A senior official who headed the FBI's response to the terrorist attack in San Bernardino, California, is expected to replace FBI Deputy Director Andrew McCabe, The Washington Post reported Monday night.
David Bowdich began his career as a police officer in Albuquerque, and was described by the department's Deputy Police Chief Robert Huntsman as "very ambitious, very smart, and very physically fit," the Albuquerque Journal reported.
According to the Los Angeles Times, which interviewed him in 2015, Bowdich's idea of a G-man is epitomized by the characters in the 1960s television series "The Untouchables."

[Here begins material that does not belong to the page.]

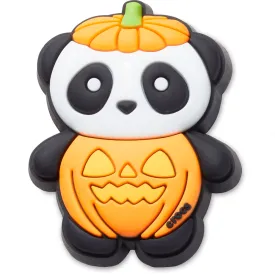 jibbitz-panda-jack-o-lantern-핀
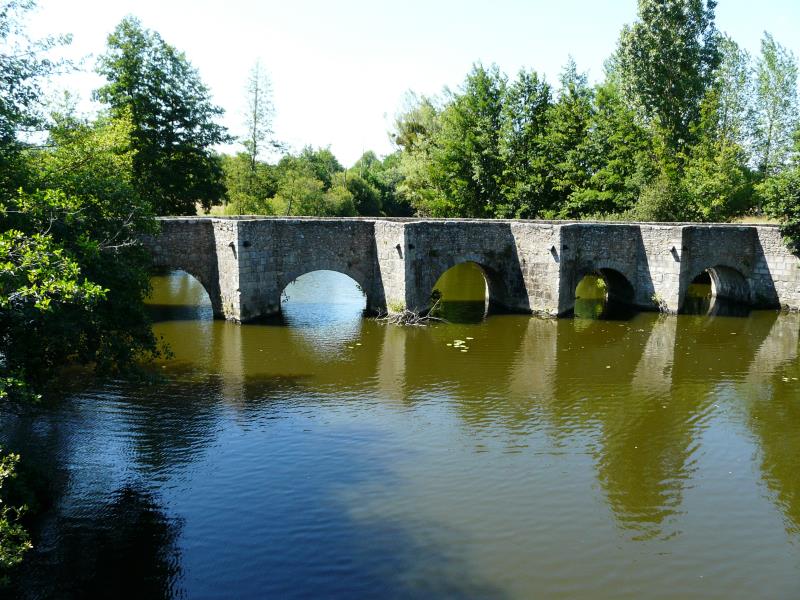 Gourge-pont-roman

"Eliot Ness' character was unyielding, tenacious, principled," he said. "That describes what a law enforcement professional should be."
Here are some of Bowdich's career highlights:
- Bowdich joined the FBI in 1995 as a special agent and served as a SWAT team member and sniper at the agency's San Diego field office, investigating violent crimes and fans.
- In 2009, he was named the assistant special agent in charge of the bureau's San Diego office, tasked with identifying the emerging kidnapping trend of Mexican cartel-related groups. There, he created the country's first FBI squad to pinpoint kidnapping threats on both sides of the U.S.-Mexico border.
- In 2014, he was named the assistant director in charge of the FBI's Los Angeles field office, overseeing seven Southern California counties with a population of nearly 19 million people, the L.A. Times reported.
- In December 2015, Bowdich and investigators had pieced together what the married couple responsible for the deadly mass slaying in San Bernardino were doing in the four hours before the shooting, the L.A. Times reported.